As much as I moan now about my current circumstances, I cant deny I had an idyllic childhood. And reading these posts it seems to be the exception rather than the rule. Funny thing is, as a kid you are in a hurry to grow up and do "adult" things like go to the pub or drive a car. When you become an adult, those things aren't such a big deal and you have responsibilities which can be a much bigger burden than you expected.


----------



## jujube (Jun 30, 2019)

I had a loving childhood. Couldn't have asked for better......well, maybe a bit more money.....  I had good parents and grandparents and a lot of love.


----------



## Trade (Jul 7, 2019)

"It was the best of times, it was the worst of times"


----------



## charry (Jul 7, 2019)

i had a good childhood , as i was the youngest of 5,.....A  spoilt brat as my elder brothers said, but mum and dad did us good.......7 of us, and we had a holiday every year, we were well clothed, dad had a car,.... food on the table , and mum kept the house spotless....!! so i was happy with my childhood .....


----------



## Capt Lightning (Jul 7, 2019)

toffee said:


> cant say a happy child hood. .but well looked after .


Well said.   I had a mixed childhood..  some was good, but spoiled by the bad.   My biggest gripe is that my parents could not (or would not) explain things or construct a reasoned argument.  Their word was law and that was that.  Not the right approach for a very inquisitive and rebellious child like me.


----------



## Olivia (Jul 7, 2019)

I don't know. Would moving around the planet every two years since birth until age 18, leaving behind friends and homes, be considered idyllic?  Since I didn't have it the other way of growing up in one place, I don't know, military brat that I was. Educational for sure, anyway.
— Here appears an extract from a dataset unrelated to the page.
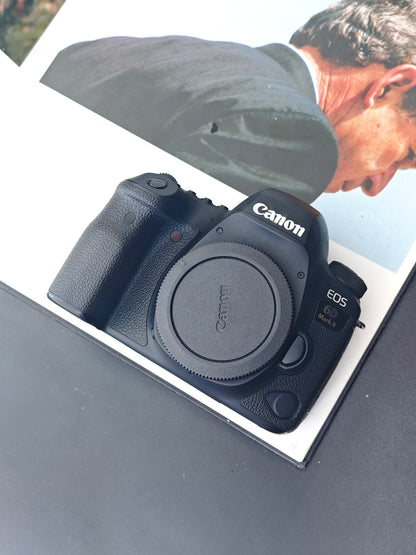 Used Canon EOS 6D Mark II body Digital Camera [with box]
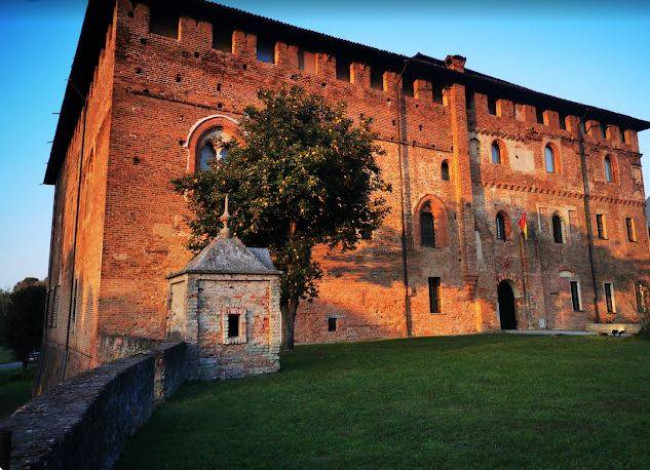 Castello in vendita a Lacchiarella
On the other hand, there are a lot of unhappy people that grew up in one place.


----------



## moviequeen1 (Jul 7, 2019)

My childhood was ok until age 10,I was sent to a co-ed boarding school in Deerfield,Mass,stayed 2 yrs.
Then I went to a girls boarding school in Toronto for 2yrs,then went to live with my aunt&uncle outside of Baltimore,MD for 2 yrs.I was gone for 6yrs while my older sister and younger brother got to stay home,I was jealous.Schoolwork was always difficult for me,being put back twice didn't help my self esteem
It took me yrs to forgive my parents,to have relationships with my siblings
I survived,made a life for myself


----------



## Repondering (Jul 9, 2019)

Home life wasn't too good:  Mom was basically bi-polar mood disordered and I was her caregiver in depression and her handler in the manic phases.  Dad tolerated me so long as I demonstrated enough subservience to him.
School and neighborhood was a different story.  The British colony of Hong Kong in the 1960's was a super place to be a boy.


----------



## grannyjo (Jul 10, 2019)

Didn't have the best childhood.  I really didn't have much of one.

My mother left my father before I was born.  Couldn't really blame her - she had one child after the other until there were 17 of us.
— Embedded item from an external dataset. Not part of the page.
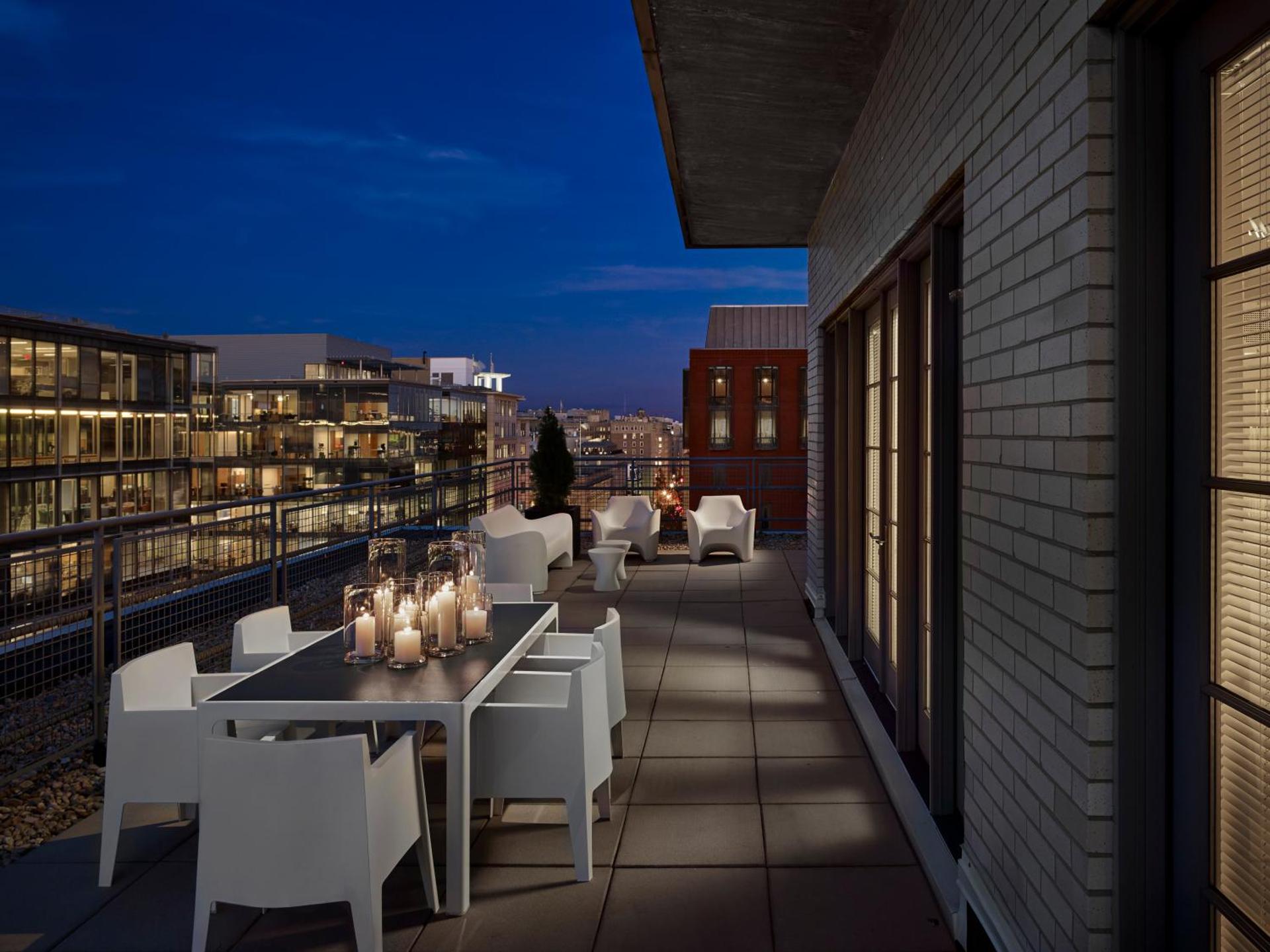 AKA White House - Photo 19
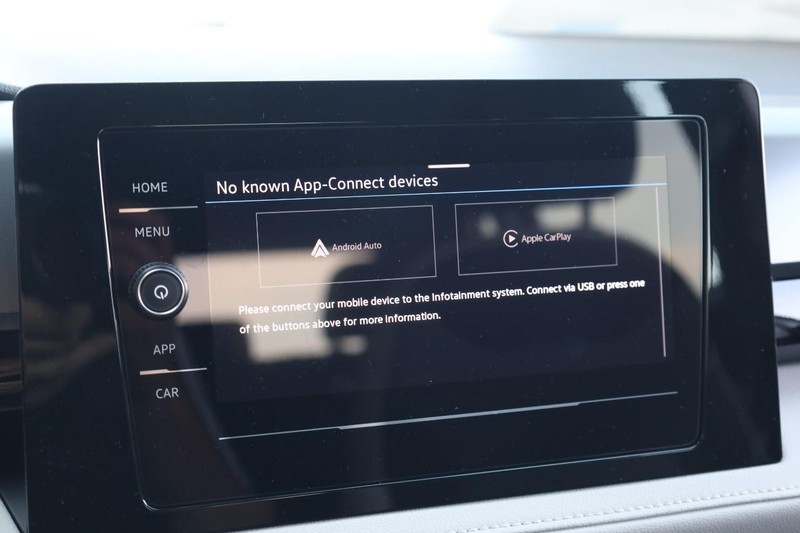 Volkswagen Taos Vehicle Image 09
I really wasn't aware of who my mother was until I was about 5 - my older sisters cared for me,  and I would call them all Mummy.
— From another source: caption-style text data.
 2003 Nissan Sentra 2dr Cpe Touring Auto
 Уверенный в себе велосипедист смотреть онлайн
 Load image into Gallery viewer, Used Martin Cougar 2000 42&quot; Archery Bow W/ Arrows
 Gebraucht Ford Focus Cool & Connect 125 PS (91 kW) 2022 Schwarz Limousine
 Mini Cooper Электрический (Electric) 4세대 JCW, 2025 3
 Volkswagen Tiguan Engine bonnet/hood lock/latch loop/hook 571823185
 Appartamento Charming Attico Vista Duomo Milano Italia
By the time I was 10,  I was waking my brothers in the morning after my mother left for work,  and cooking the evening meals before my mother came home from work.

Weekends were taken up with shopping for groceries and cleaning the house.

We lived in a very small house.  Females slept in one bedroom,  the males in the only other bedroom.

The toilet was a pan out the back that was emptied once a week.

We were allowed to bathe once a week,  because the copper had to be boiled to provide hot water.

Left school at 14 years and 10 months old and was sent to work.  That was despite being sent to a very selective high school,  where if I had been able to continue I would have been able to get a good paying job.  Had to hand over my pay packet to my mother.

Oh well,  I've turned out mostly OK.  Not always the happiest of people,  but I'm doing alright.


----------